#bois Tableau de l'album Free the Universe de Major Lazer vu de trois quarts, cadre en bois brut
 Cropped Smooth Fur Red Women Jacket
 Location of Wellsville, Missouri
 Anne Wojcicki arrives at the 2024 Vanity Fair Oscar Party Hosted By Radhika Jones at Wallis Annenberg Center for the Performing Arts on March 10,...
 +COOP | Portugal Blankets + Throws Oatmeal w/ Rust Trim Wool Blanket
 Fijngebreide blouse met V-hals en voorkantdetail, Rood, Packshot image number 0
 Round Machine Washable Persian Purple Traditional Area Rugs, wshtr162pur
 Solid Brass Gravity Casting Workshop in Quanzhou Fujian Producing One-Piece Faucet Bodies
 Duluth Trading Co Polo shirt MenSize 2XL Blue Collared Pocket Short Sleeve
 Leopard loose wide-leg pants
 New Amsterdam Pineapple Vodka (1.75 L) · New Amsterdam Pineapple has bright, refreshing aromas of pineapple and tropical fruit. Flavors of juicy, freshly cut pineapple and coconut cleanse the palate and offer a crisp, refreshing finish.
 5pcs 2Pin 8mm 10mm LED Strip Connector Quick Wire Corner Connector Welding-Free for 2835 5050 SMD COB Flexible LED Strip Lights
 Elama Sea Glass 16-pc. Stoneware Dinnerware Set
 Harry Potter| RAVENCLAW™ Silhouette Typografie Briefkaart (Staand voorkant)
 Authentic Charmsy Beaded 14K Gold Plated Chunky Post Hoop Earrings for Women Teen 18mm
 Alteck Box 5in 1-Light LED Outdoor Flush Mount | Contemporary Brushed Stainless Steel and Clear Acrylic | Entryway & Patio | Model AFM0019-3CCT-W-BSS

§ **WHAT NEEDS TO BE DONE**
Lines containing the string "Free" in the entries above should be counted. State that number alone.

§ **RESPONSE TO THE TASK**
2